= PROBLEM TO WORK ON =
Everything from the opening line of the records below through the line with "Une cave et" must be duplicated exactly, pictures left out.
-- MATERIAL FOR THIS EXERCISE follows --
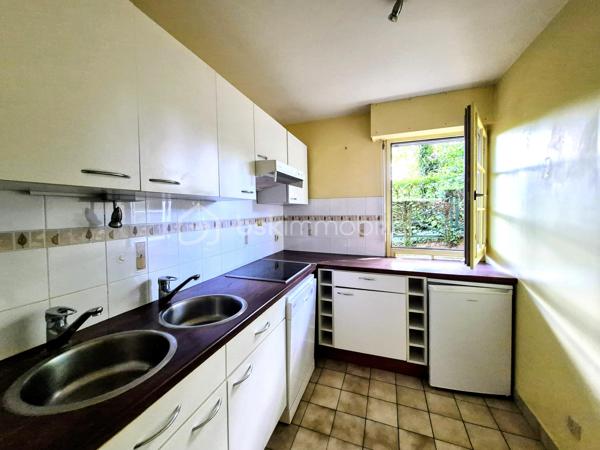 En plein cœur de Châtillon, face au parc des Sarments, découvrez ce charmant appartement 2 pièces d'environ 55 m², situé en rez-de-chaussée au sein de la résidence Paloma, une copropriété recherchée construite en 1991.

Fonctionnel et agréable à vivre, il se compose d'une entrée avec couloir desservant une cuisine indépendante, un séjour spacieux (23 m²) bénéficiant d'un espace penderie, une chambre ainsi qu'une salle de bains avec WC.

Une cave et une place de parking privative complètent ce bien.

Vous apprécierez avant tout son emplacement privilégié, en plein centre-ville, face au parc des Sarments et à proximité immédiate des commerces, des transports, des écoles et de toutes les commodités.

Véritable atout en été : l'appartement conserve une température agréable, même lors des épisodes de fortes chaleurs.

Un appartement idéal pour un premier achat, un investissement locatif ou un pied-à-terre, offrant un cadre de vie pratique et recherché.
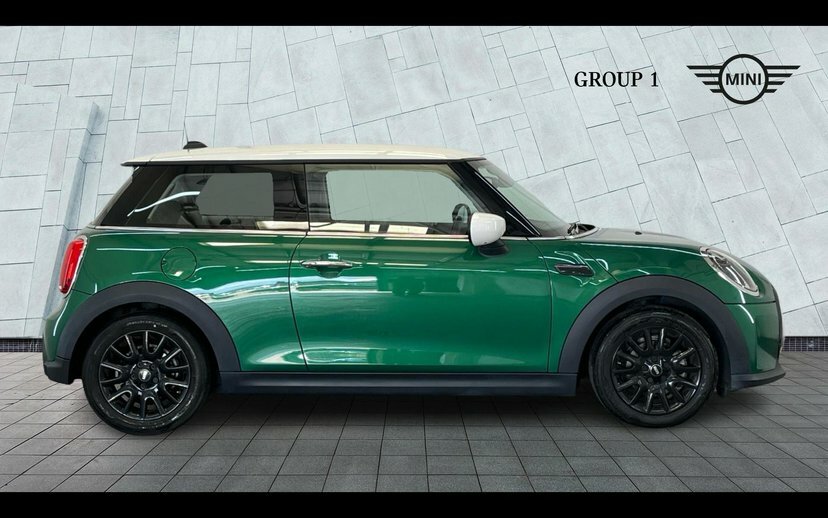 Mini Hatch 3-Door Hatch Cooper Classic EF72OKW Green #3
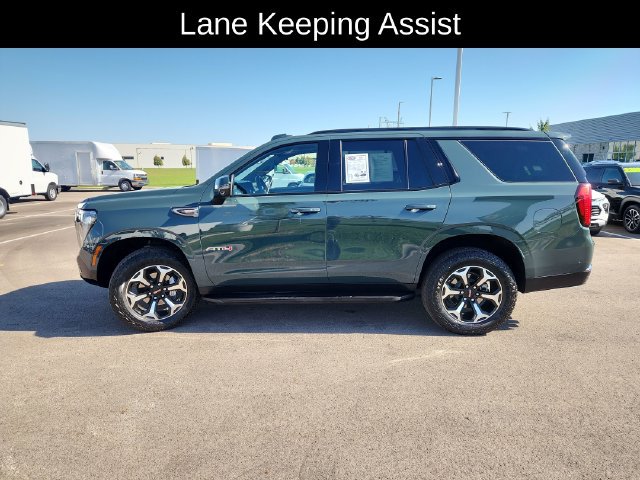 Used 2025 GMC Yukon AT4 w/ LPO, Floor Liner Package AWD/4WD image 4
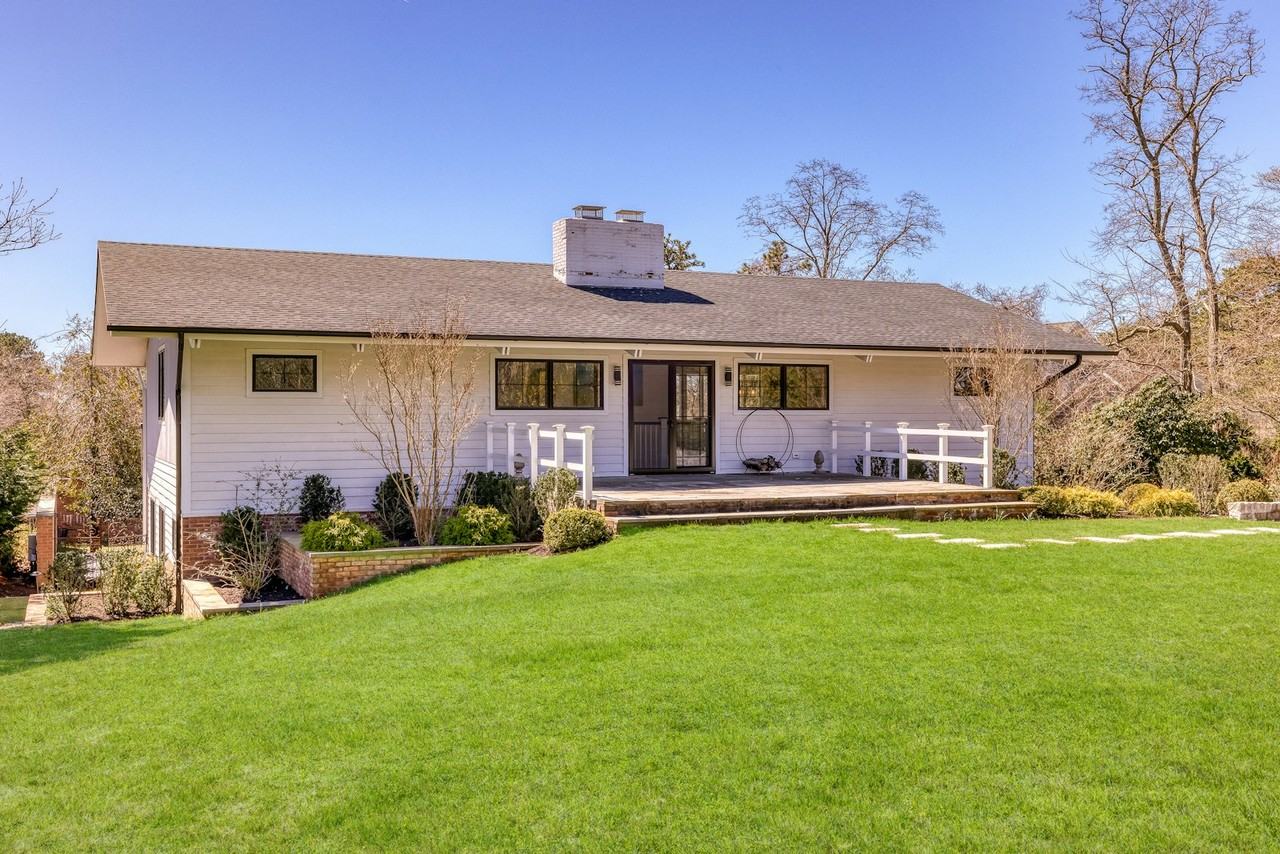 280 Montauk Highway - Photo 2 of 43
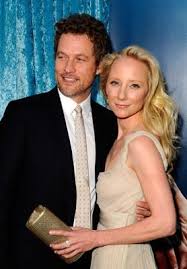 Metacritic tv reviews, hung, ray drecker's (thomas jane) life is a mess: Hung Season 2 Premiere Anne Heche Picture 47077504 278 X 400 Fanpix Net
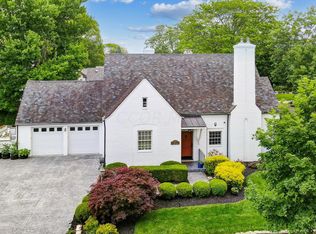 1874 Collingswood Rd, Columbus, OH 43221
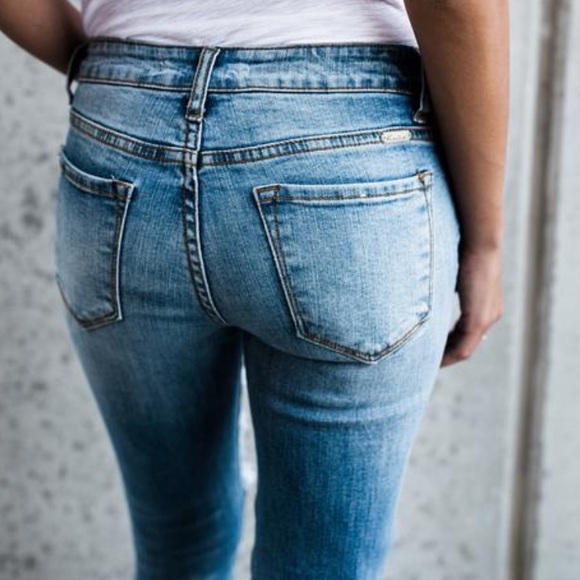 ✨LAST 1✨Distressed Fray Hem Denim Jeans - Picture 5 of 6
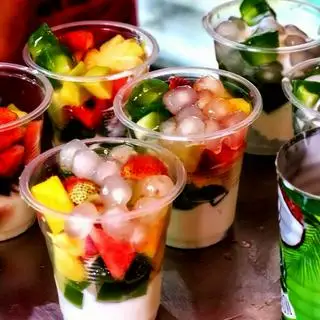 Hình ảnh Thạch lá nếp hoa quả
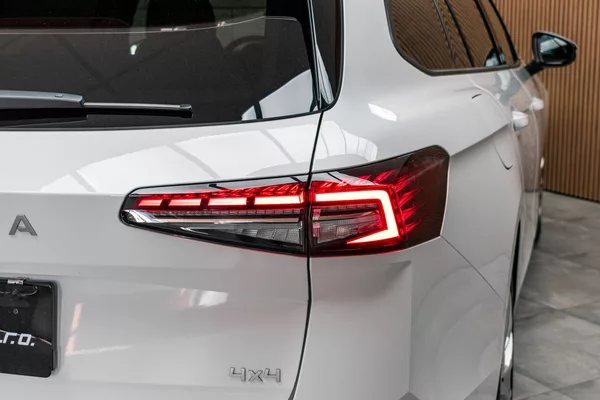 Škoda Superb TDI 142kW 4x4*TAŽNÉ*DPH*ČR 1.M - foto 41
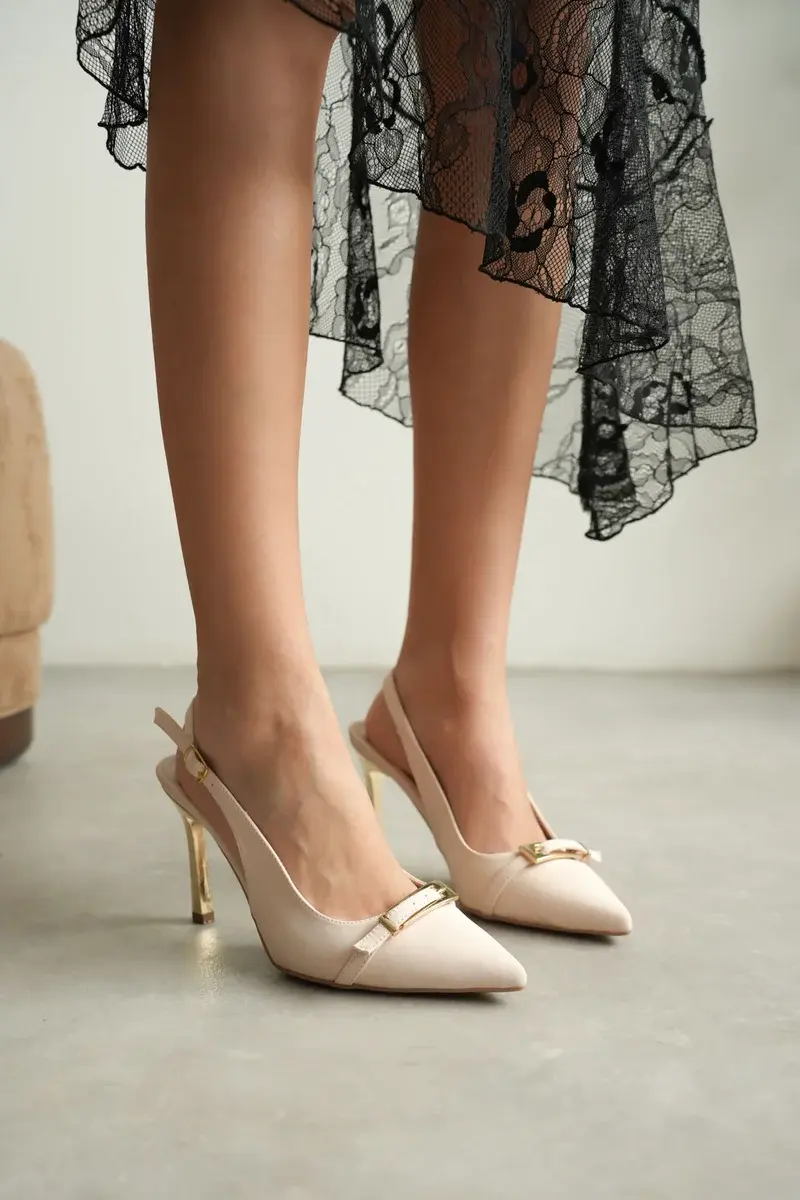 Kadın Bej Tokalı Topuklu Ayakkabı TR08MS34B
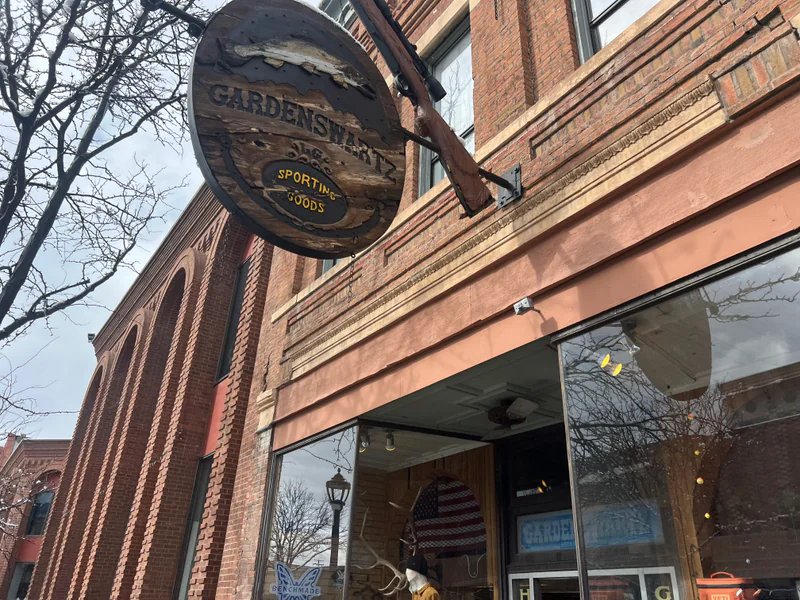 Gardenswartz Sporting Goods is a knife store in Durango, Colorado featuring Custom knives.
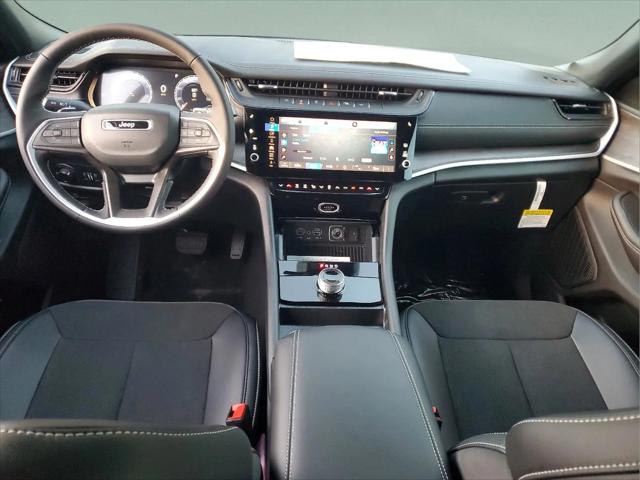 2026 Jeep Grand Cherokee L Altitude 4x2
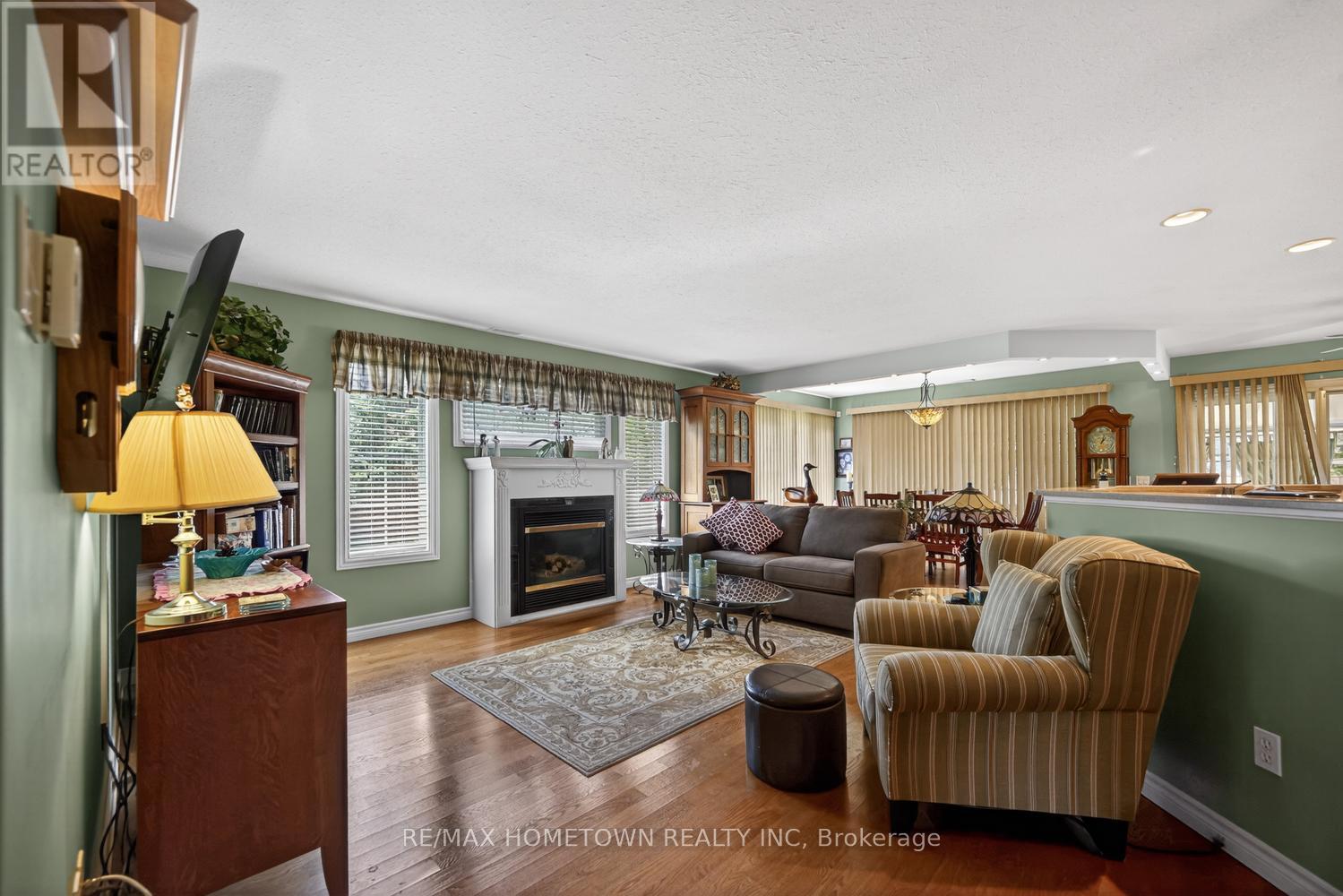 24 REGENCY PLACE - Image 8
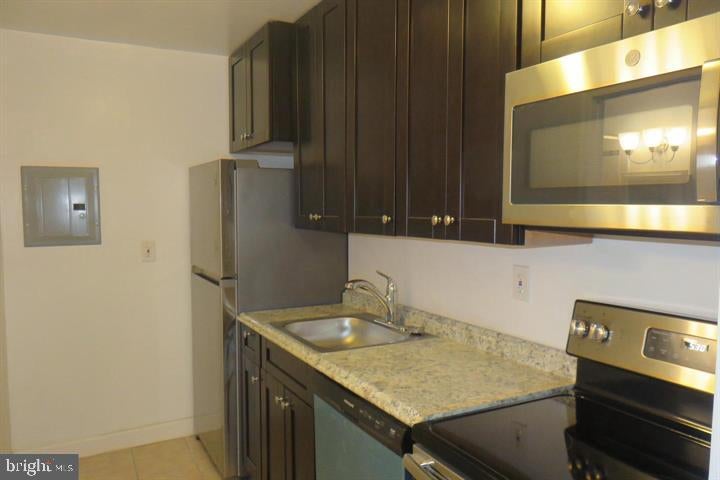 2108 BOLTON ST 1 ST FLOOR FRONT STREET
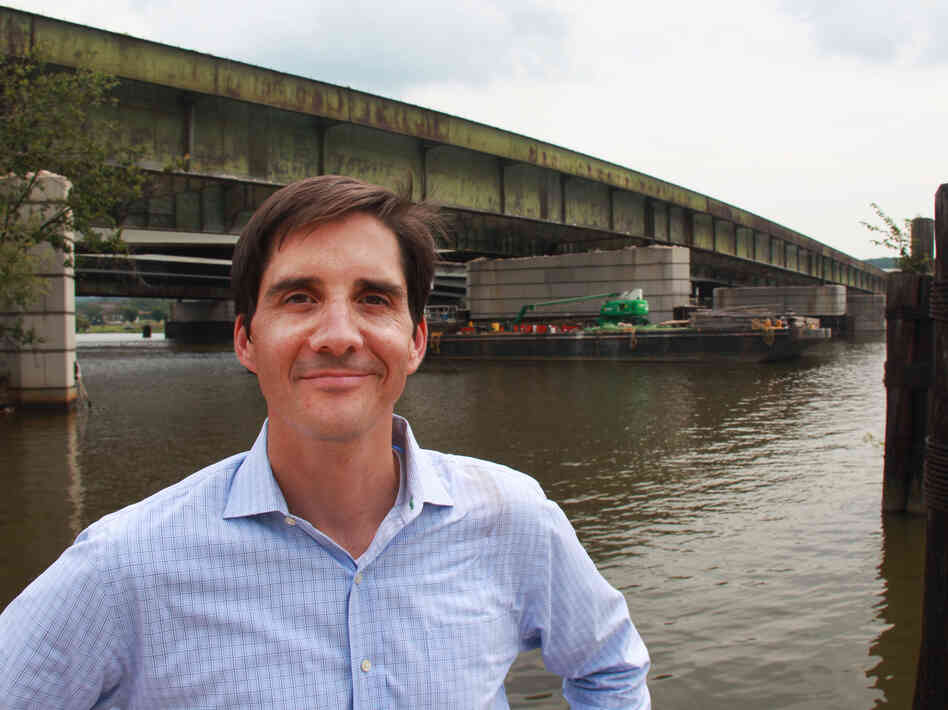 Scott Kratz, a volunteer adviser for the park proposal, stands in front of the old 11th Street Bridge. He's optimistic that advocates can raise the funds needed to complete the project.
-- MATERIAL FOR THIS EXERCISE concluded --
= ANSWER BOX =
 En plein cœur de Châtillon, face au parc des Sarments, découvrez ce charmant appartement 2 pièces d'environ 55 m², situé en rez-de-chaussée au sein de la résidence Paloma, une copropriété recherchée construite en 1991.

Fonctionnel et agréable à vivre, il se compose d'une entrée avec couloir desservant une cuisine indépendante, un séjour spacieux (23 m²) bénéficiant d'un espace penderie, une chambre ainsi qu'une salle de bains avec WC.

Une cave et une place de parking privative complètent ce bien.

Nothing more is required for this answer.